### Record extracts
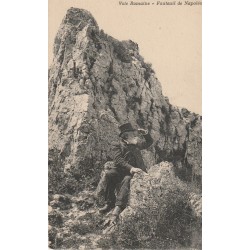 39 POLIGNY. Fauteuil de Napoléon avec personnage sur la Voie Romaine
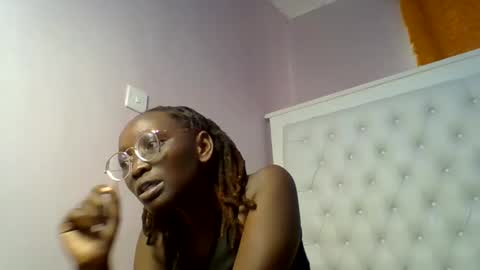 Novah girlie online show from June 8, 2026, 1:44 pm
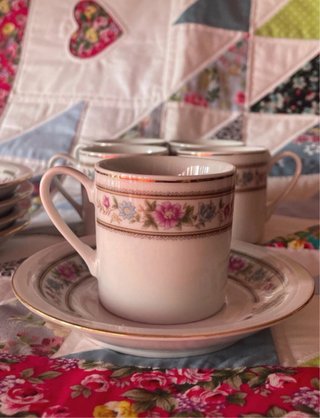 Conjunto 5 Chávenas de Café com Pires em Porcelana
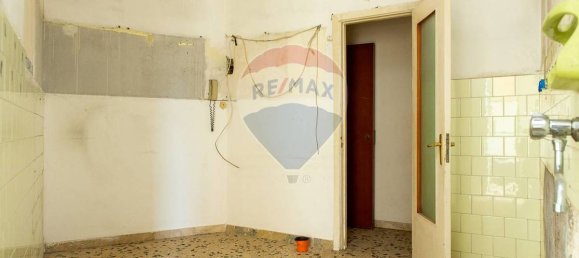 2 bedrooms Apartment in Valverde, Italy No. 232484 3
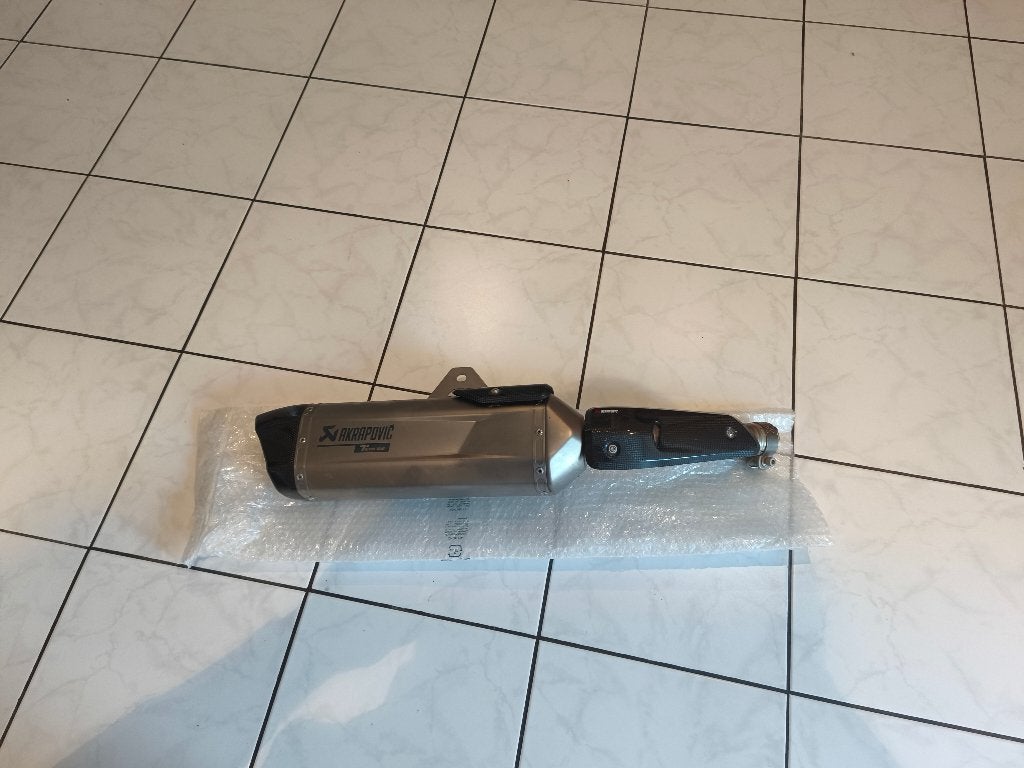 Échappement original Akrapovic Tenere World Rally, Motos, Accessoires | Autre, Enlèvement, Neuf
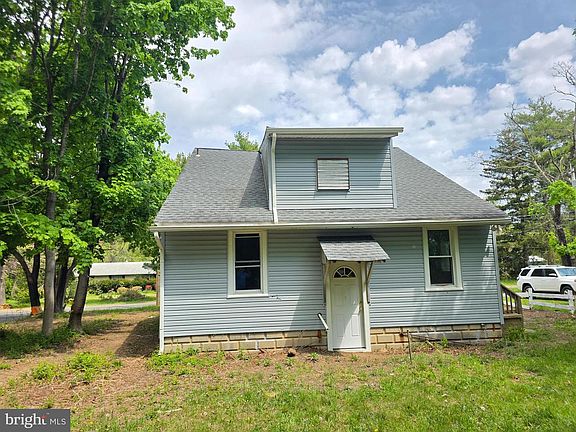 4th image of 1684 Monroeville Rd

### Instructions for the task
Set the records down again word for word; the pictures stay out.

### Result below
 39 POLIGNY. Fauteuil de Napoléon avec personnage sur la Voie Romaine
 Novah girlie online show from June 8, 2026, 1:44 pm
 Conjunto 5 Chávenas de Café com Pires em Porcelana
 2 bedrooms Apartment in Valverde, Italy No. 232484 3
 Échappement original Akrapovic Tenere World Rally, Motos, Accessoires | Autre, Enlèvement, Neuf
 4th image of 1684 Monroeville Rd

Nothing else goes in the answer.